On August 21, 1958, Gulf-Delaware 1 sold four Kearney and Trecker Universal Milling Machines to Television Properties, Inc., for the sum of $200,000. On this same date, Television Properties, Inc., leased back these four machines to Gulf-Delaware 1. Also, on August 21, 1958, Waggoner, Goree, Lee, and Roberts*26 executed a Guaranty Agreement wherein they jointly and severally unconditionally guaranteed and promised, upon demand, to pay Television Properties, Inc., all rents, and other sums due, under the lease executed August 21, 1958, between Television Properties, Inc., and Gulf-Delaware 1, in the amounts, at the times and in the manner set forth in the lease, and they further agreed to guarantee the performance, at the times and in the manner set forth in the lease, of all of the terms, covenants, and conditions therein required to be kept, observed, or performed by Gulf-Delaware 1, as lessee. The Guaranty Agreement specifically recited that the obligations of the signatories thereto were joint and several, and were independent of the obligations of Gulf-Delaware 1 as lessee.

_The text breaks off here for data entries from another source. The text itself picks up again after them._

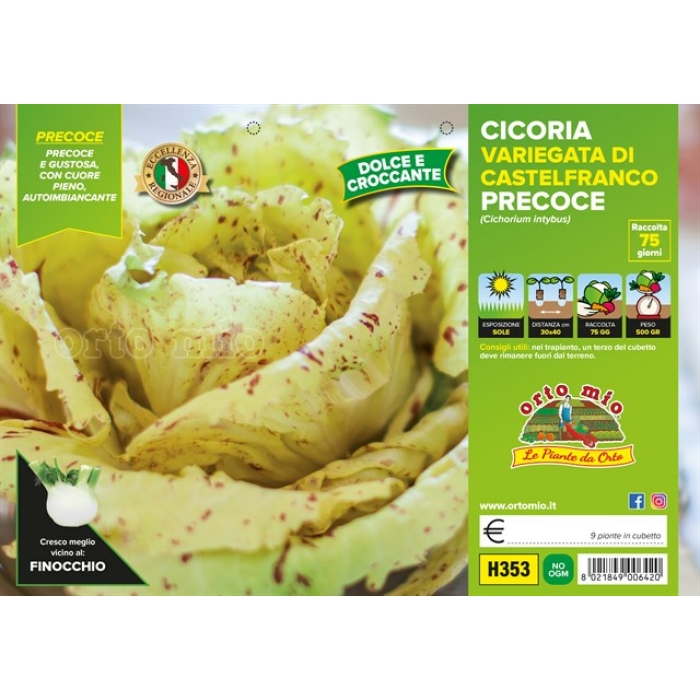 ACHICORIA JASPEADA CASTELFRANCO PRECOZ var. CASTELLANO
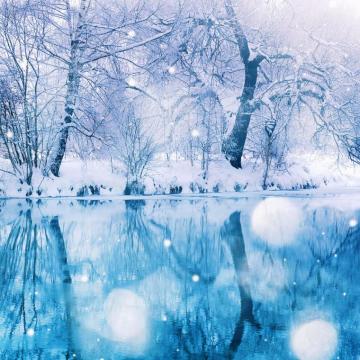 Nature Winter Snowy Tree iPad Air Wallpaper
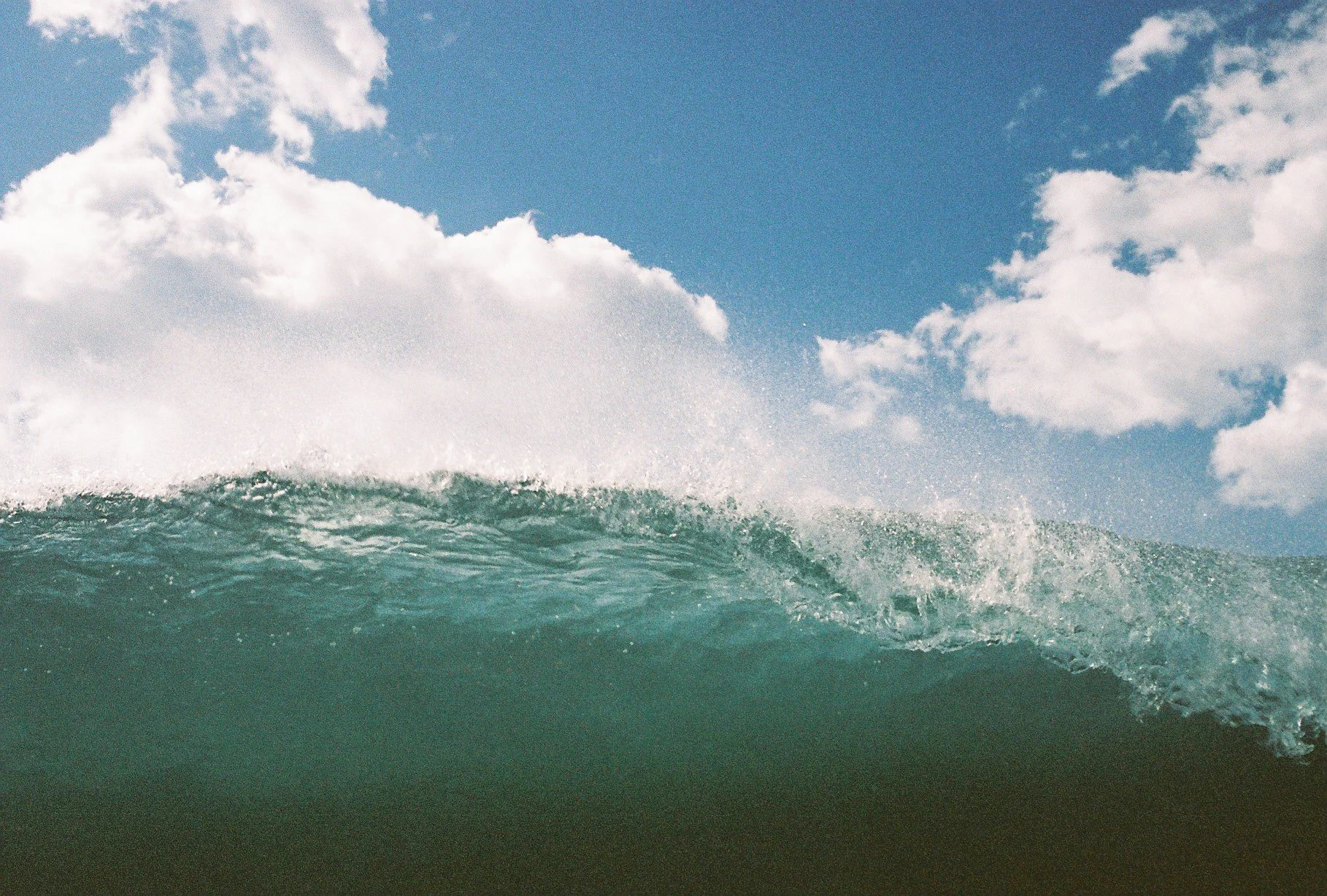 Film Photos For Website-16.jpg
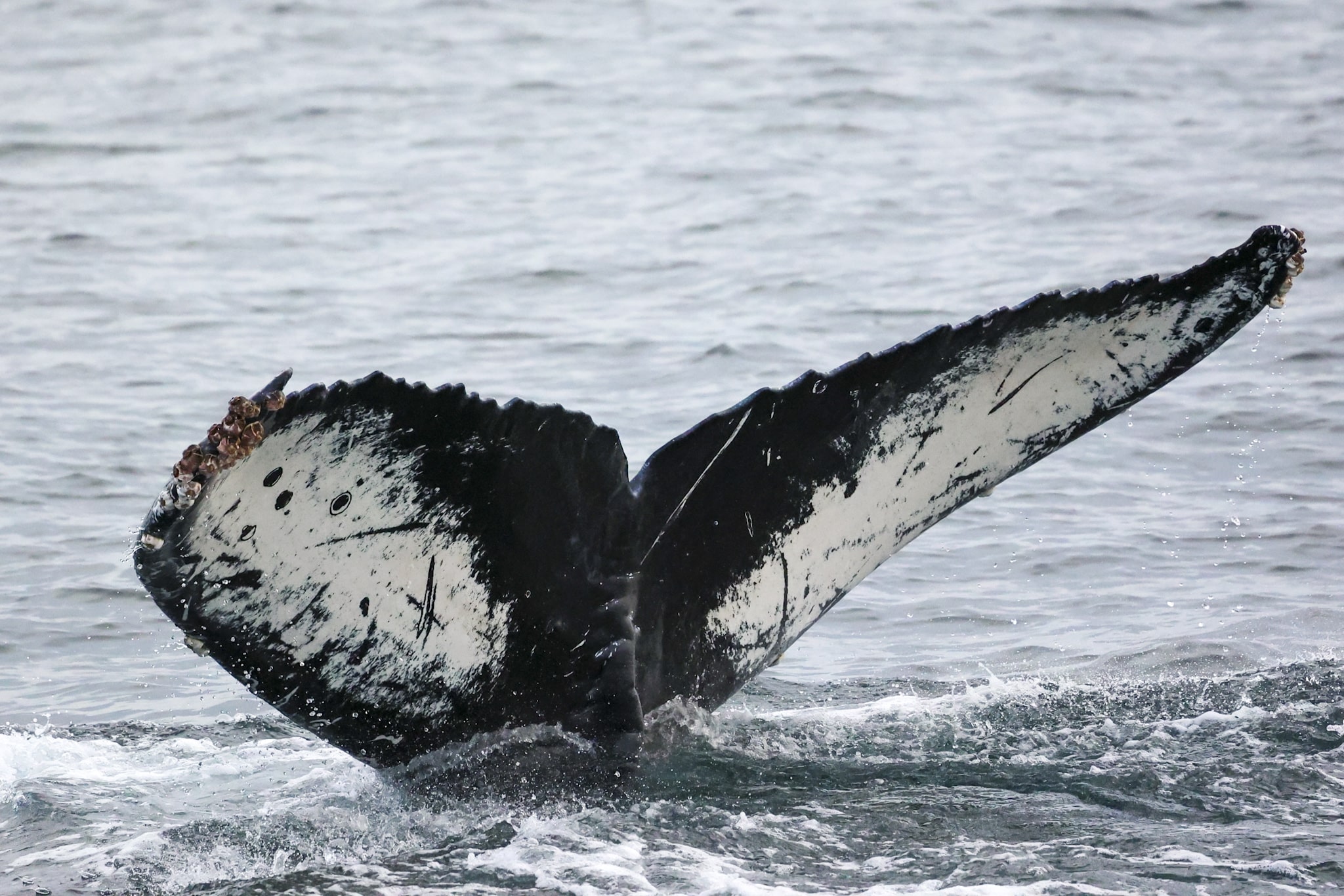 Whale Watching Tours in San Diego: What Makes Them Special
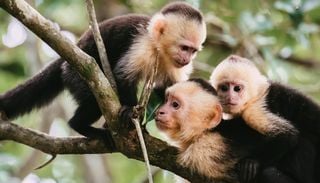 El clima extremo hace a los animales m&aacute;s agresivos: lo que revel&oacute; un estudio durante 33 a&ntilde;os de la UCLA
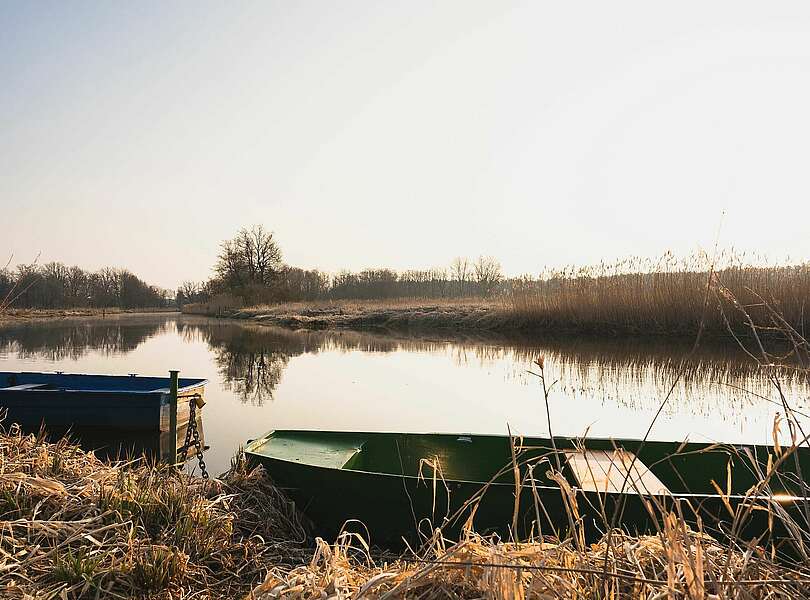 Morgenstimmung an der Müggelspree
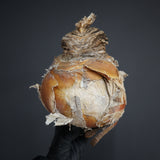 【ベアルート】B.ハエマンソイデス EC1805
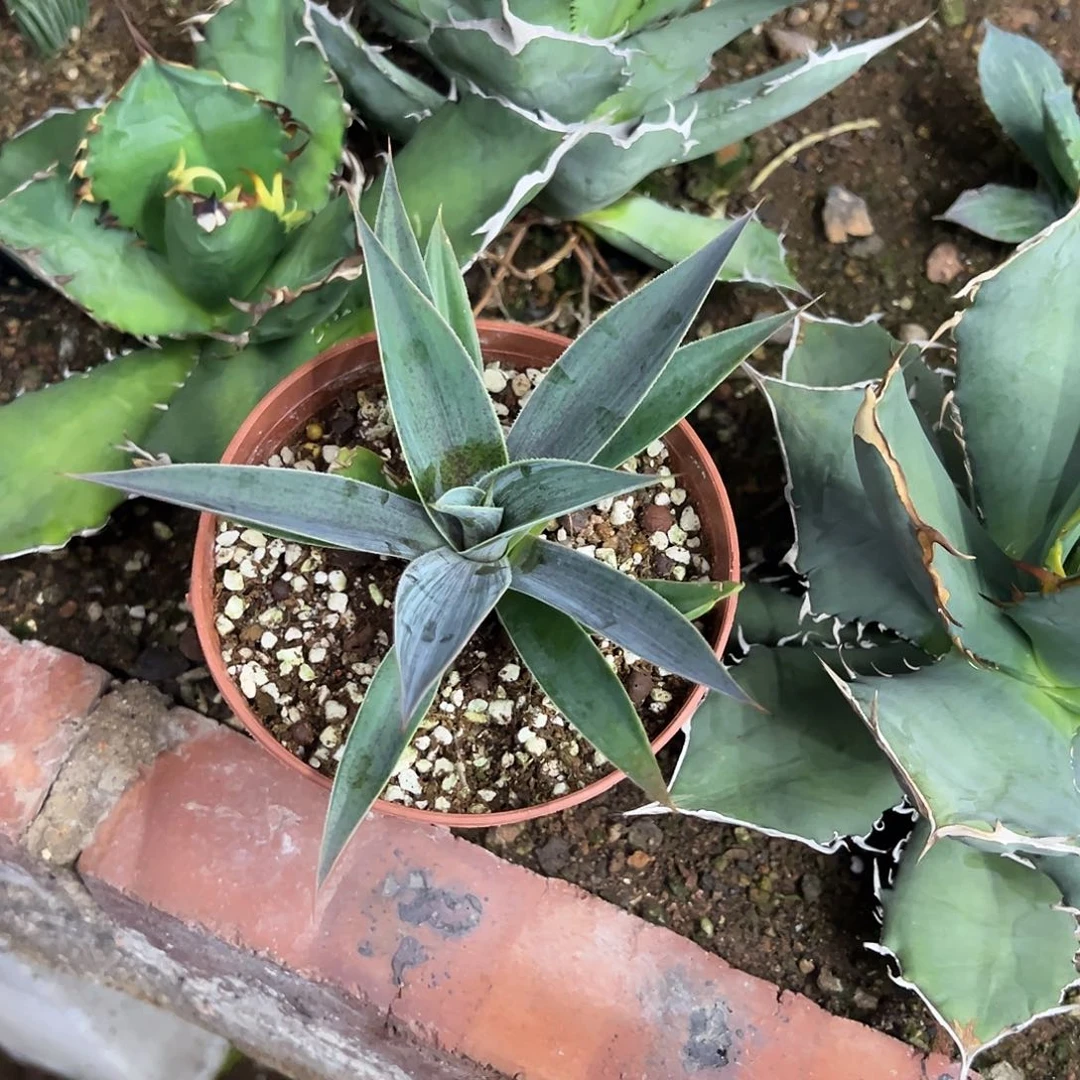 C*Z薰衣草夫人植物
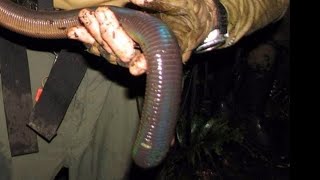 Most Extraordinary Giant Gippsland Earthworm [upl. by Yntirb443]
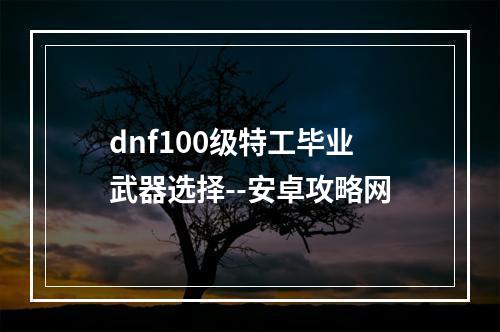 dnf100级特工毕业武器选择--安卓攻略网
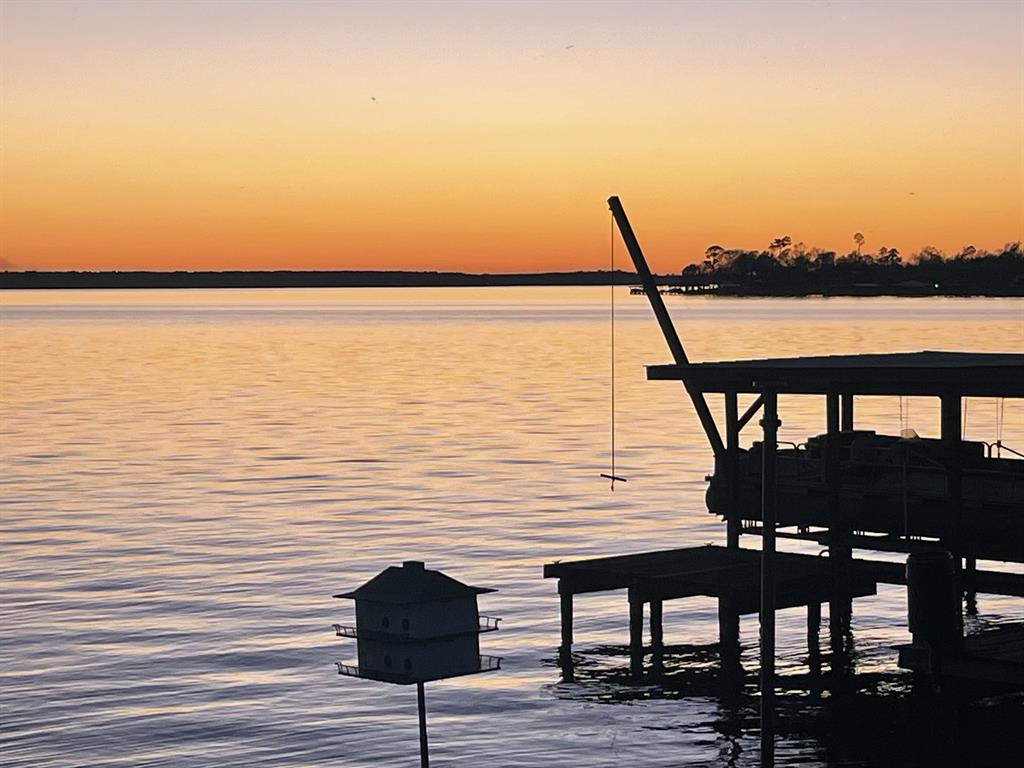 308 Lakeshore Shr, Onalaska, Texas image 42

On August 21, 1958, Coliz and Pezzullo each received a check in the amount of $174,000 from Gulf-Delaware 1 in part payment for the Gulf-Texas stock which they had transferred to Gulf-Delaware 1 on August 14, 1958. These two checks, aggregating $348,000 and representing a down payment to Coliz and Pezzullo pursuant to the terms of the Original Stock Purchase Agreement of July 23, 1958, were drawn against the account*27 of Gulf-Delaware 1 at the First National Bank in Dallas. The checks were signed for Gulf-Delaware 1 by John Pezzullo and David A. Witts. The major portion of the deposit of Gulf-Delaware 1 against which the checks were drawn was composed of $200,000 received by Gulf-Delaware 1 as proceeds from the August 21, 1958, sale to Television Properties of the four Kearney and Trecker milling machines and $158,000 from funds originally belonging to Gulf-Texas and used for this purpose by Gulf-Delaware 1 pursuant to the First Supplemental Agreement of July 23, 1958.
As of August 21, 1958, both Coliz and Pezzullo fully expected to receive the $852,000 balance of the sales price on their Gulf-Texas stock. The prospects for the continued growth of Gulf-Delaware 1 at this time were bright. Shortly after the merger of August 14, 1958, Gulf-Delaware 1 had been awarded a sizeable contract with Temco, Inc., due primarily to the efforts of Waggoner. Moreover, Gulf-Delaware 1 began doing business again with certain other aircraft manufacturers with which it had not done business for sometime, again due to the efforts of Waggoner.
Sometime in November of 1958 Trevor Gardner, president of Hycon Manufacturing*28 Company, conferred in Dallas, Texas, with L. D. Roberts concerning the possible merger of Gulf-Delaware 1 with Hycon Aerial Surveys, Inc., a Delaware corporation (hereinafter referred to as Aerial) which was the wholly owned subsidiary of Hycon Manufacturing Company. In the ensuing negotiations with Gardner, Waggoner, Goree, Lee and Roberts, owners of the stock of Gulf-Delaware 1, were represented by David Witts. Neither Coliz nor Pezzullo were directly involved in these negotiations, which ultimately led to the merger of Aerial and Gulf-Delaware 1.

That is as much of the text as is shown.